Após indicação do presidente Alex Redano, Governo anuncia a retomada das cirurgias eletivas

Porto Velho, RO - O Governo do Estado anunciou a retomada das chamadas cirurgias eletivas, para reduzir uma grande fila de espera de pacientes que se acumula nesse período de pandemia do coronavírus. O anúncio ocorre após o presidente da Assembleia Legislativa, Alex Redano (Republicanos) apresentar indicação parlamentar ao Executivo, através da Secretaria de Estado da Saúde (Sesau), solicitando a volta desses procedimentos.

"Agradecer ao governador Marcos Rocha e ao secretário de Saúde, Fernando Máximo, por essa flexibilização que permitiu a retomada das cirurgias eletivas, que é uma preocupação nossa e uma cobrança de toda a sociedade e por isso apresentei a indicação e discuti esse assunto pessoalmente com o governador e o secretário", destacou Redano.

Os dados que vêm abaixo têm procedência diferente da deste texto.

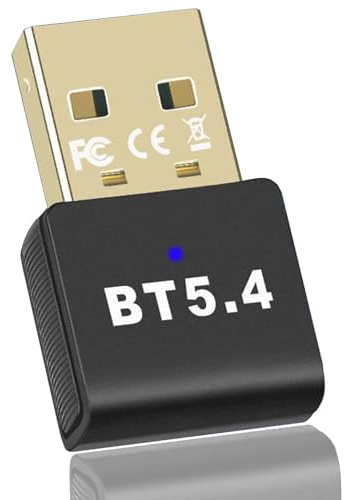 Bluetooth Adapter 5.4, Bluetooth Stick für PC (EDR & BLE) USB Bluetooth Dongle Plug & Play für PC Laptop Desktop Computer, supporta Windows 11/10/8.1/7 (Black-5.41)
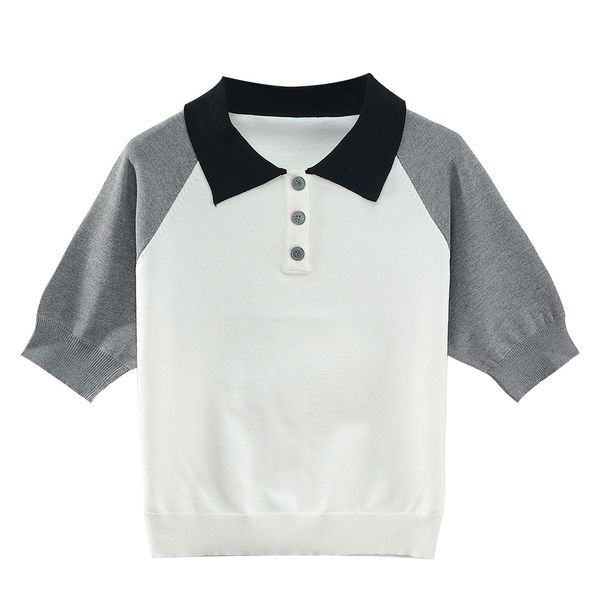 716 2023 autumn runway summer brand same style sweater striped short sleeve lapel neck black fashion clothes womens yuechen, White;black
716 2023 autumn runway summer brand same style sweater striped short sleeve lapel neck black fashion clothes womens yuechen, White;black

O governador disse que "é o momento da volta de alguma dessas eletivas, pois já há uma fila de espera muito grande e as pessoas podem ter agravamento em sua saúde. Com todos os cuidados, vamos autorizar essa retomada".

"Temos diminuído a taxa de ocupação d eleitos de UTI em Rondônia e reduzido o número de casos novos e ativos de covid-19. Tendo em vista a necessidade, com as filas de cirurgias cada vez maiores, com as pessoas padecendo de outros males, o governador Marcos Rocha se sensibilizou com a questão e com o pedido do presidente Alex Redano, levamos ao comitê que define a flexibilização do decreto e liberamos a volta de algumas cirurgias eletivas, de forma gradual", explicou Máximo.

Indicação

Redano apresentou a indicação, pedindo a volta das cirurgias eletivas, após se reunir com a presidente do Sindicato dos Médicos de Rondônia (Simero), Flávia Lenzi; o presidente do Sindicato dos Estabelecimentos de Serviços de Saúde do Estado de Rondônia (Sindessero), Rafael Augusto, e com o cirurgião Rafael Brito, representando o Hospital 09 de Julho.

"Nessa reunião, fui informado de que, com a pandemia do coronavírus, as cirurgias eletivas foram suspensas, tanto na rede pública quanto na rede privada. Isso gerou uma fila de espera enorme e, em alguns casos, acabou tornando o que antes era uma simples cirurgia, num problema mais grave e complexo", destacou Redano.